Speaker
Description
One of the important goals in energy and environmental research is to find novel materials to sequestrate and convert greenhouse gases to useful chemicals. In this study, the well calibrated Density Functional Theory (DFT) is used to study the adsorption of CO2 and H2 in order to investigate possible reaction pathways for CO2 hydrogenation to formic acid over gold supported MCM-22 zeolite catalyst. The adsorption energies of CO2 and H2 on Au-MCM-22 catalyst are −15.2 and −30.4 kcal/mol, respectively. From the order of adsorption, two possible reaction mechanisms are proposed. The first mechanism, hydrogen molecule is first adsorbed on gold and zeolite, resulting in gold hydride and Brønsted acid site of zeolite. Formic acid is consecutively formed via the protonation of CO2 over the Brønsted acid and simultaneous formation of the bond between CO2 and the hydride group.

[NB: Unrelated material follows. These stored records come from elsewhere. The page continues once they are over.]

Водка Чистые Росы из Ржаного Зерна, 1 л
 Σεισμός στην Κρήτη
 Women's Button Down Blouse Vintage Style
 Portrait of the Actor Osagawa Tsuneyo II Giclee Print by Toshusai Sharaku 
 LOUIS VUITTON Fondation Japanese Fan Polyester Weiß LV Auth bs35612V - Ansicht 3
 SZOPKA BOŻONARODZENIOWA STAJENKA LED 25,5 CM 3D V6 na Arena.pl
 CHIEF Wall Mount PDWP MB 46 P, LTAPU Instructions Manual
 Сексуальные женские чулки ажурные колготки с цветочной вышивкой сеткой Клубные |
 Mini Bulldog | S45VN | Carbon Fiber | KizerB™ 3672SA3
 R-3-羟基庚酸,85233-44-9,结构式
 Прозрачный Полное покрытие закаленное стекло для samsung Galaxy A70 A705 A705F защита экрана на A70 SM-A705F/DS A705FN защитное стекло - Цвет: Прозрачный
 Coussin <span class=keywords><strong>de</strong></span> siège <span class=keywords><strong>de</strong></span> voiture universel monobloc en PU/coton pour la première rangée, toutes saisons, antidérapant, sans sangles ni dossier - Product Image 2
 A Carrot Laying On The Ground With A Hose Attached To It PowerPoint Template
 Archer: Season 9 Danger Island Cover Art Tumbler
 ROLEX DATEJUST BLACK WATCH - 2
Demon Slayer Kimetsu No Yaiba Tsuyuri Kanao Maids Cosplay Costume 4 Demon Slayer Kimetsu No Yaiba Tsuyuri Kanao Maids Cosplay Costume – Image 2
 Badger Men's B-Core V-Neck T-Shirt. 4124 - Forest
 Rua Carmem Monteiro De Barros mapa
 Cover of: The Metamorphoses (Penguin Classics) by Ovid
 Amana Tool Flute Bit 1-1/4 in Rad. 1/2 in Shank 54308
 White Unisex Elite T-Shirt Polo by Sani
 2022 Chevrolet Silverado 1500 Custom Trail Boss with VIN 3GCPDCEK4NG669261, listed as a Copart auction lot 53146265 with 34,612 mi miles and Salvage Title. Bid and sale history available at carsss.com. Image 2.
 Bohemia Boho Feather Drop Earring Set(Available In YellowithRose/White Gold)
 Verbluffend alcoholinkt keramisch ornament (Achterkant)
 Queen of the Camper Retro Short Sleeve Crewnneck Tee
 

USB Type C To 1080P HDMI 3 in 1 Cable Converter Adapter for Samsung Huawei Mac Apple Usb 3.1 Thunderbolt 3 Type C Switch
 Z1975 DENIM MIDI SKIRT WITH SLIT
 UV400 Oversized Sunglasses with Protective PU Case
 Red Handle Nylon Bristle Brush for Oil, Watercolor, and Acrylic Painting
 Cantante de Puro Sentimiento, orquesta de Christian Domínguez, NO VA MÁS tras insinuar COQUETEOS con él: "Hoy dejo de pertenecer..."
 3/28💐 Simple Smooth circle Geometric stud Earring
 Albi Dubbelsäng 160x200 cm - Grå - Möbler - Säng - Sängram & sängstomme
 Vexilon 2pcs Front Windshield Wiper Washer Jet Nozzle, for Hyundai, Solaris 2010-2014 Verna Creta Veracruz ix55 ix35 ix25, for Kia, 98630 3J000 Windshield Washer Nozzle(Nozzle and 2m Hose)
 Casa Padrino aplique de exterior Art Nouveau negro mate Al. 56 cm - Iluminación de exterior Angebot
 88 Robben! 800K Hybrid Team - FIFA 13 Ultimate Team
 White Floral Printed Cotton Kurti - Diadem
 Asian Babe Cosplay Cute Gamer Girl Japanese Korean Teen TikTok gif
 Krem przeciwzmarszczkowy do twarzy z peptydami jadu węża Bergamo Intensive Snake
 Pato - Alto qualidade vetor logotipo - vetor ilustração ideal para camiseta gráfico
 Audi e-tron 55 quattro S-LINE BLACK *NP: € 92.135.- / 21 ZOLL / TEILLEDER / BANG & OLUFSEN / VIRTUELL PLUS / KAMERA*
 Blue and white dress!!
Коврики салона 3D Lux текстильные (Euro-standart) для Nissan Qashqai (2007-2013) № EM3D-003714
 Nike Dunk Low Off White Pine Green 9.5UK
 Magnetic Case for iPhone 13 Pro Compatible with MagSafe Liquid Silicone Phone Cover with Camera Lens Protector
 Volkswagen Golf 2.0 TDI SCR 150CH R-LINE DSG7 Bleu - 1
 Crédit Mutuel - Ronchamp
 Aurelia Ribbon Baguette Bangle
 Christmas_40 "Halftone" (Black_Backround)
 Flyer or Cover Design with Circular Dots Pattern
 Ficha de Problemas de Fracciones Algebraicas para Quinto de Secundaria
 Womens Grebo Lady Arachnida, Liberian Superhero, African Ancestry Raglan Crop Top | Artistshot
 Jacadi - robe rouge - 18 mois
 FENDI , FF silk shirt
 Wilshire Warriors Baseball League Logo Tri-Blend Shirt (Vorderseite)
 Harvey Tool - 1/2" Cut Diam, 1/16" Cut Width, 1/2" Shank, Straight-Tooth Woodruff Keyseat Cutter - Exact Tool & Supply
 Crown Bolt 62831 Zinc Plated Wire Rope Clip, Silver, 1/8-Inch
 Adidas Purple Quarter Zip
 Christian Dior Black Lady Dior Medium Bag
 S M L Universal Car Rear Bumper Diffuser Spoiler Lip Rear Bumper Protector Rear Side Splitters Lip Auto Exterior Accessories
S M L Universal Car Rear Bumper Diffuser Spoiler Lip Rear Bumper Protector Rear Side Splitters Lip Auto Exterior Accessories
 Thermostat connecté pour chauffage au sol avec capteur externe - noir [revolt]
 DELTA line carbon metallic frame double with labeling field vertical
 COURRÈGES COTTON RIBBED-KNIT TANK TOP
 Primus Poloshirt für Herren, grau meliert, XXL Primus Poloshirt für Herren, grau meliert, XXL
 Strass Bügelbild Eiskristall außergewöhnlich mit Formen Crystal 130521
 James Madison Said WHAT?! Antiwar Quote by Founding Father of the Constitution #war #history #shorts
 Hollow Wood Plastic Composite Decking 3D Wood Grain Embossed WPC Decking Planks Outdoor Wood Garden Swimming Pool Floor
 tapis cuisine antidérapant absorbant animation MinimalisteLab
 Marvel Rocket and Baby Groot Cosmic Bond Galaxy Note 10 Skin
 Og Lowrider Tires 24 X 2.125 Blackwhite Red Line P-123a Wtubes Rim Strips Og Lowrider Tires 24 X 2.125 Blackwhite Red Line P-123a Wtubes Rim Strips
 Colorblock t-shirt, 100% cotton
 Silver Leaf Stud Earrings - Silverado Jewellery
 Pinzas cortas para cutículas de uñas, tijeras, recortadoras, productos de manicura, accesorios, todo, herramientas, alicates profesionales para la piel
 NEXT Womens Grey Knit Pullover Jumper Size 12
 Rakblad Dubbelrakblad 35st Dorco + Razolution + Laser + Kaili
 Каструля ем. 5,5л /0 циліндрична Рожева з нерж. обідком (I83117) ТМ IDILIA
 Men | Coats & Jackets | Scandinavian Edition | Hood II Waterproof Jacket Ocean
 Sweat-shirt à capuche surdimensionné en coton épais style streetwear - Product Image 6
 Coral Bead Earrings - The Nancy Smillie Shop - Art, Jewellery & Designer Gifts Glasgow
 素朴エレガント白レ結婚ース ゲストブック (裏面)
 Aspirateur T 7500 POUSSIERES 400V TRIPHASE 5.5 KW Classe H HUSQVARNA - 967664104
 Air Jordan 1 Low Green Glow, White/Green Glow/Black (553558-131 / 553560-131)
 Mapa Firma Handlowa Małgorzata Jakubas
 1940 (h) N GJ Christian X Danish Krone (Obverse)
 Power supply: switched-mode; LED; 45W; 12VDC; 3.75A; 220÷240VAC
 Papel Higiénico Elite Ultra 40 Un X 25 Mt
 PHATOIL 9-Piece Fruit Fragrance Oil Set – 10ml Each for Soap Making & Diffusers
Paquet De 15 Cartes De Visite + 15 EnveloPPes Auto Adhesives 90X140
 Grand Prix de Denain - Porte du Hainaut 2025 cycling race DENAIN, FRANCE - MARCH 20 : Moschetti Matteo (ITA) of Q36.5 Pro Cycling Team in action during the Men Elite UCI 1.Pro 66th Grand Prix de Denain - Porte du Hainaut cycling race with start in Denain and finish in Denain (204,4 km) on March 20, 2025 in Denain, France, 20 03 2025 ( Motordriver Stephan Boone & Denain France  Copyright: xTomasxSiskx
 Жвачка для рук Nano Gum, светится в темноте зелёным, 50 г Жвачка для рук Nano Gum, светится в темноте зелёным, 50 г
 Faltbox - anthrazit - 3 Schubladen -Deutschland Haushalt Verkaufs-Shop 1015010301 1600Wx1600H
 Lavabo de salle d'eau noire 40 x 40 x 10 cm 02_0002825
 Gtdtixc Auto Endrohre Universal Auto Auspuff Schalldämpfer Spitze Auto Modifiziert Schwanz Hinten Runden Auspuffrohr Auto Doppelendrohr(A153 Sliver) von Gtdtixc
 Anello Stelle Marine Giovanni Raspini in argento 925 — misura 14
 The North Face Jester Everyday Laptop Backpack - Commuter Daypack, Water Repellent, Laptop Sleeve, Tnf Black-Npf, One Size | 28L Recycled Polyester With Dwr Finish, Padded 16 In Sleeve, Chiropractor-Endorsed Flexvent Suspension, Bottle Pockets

The activation energy of the rate determining step of this pathway is 39.5 kcal/mol. In the second mechanism, CO2 is primarily interacted over the active site. The hydrogen is co-adsorbed and reacted with CO2 to produce intermediate adsorbing on Au. The activation energy of this step is 40.5 kcal/mol. The hydrogen transfer to HCOO intermediate to generate formic acid is proposed in the last step. Due to these comparable pathways at least at high temperature, both the reaction mechanisms could therefore be possible, depending on the order of adsorption. Accordingly, the gold-exchanged MCM-22 zeolite could be potentially used as the catalyst for producing formic acid from CO2 and hydrogen molecules.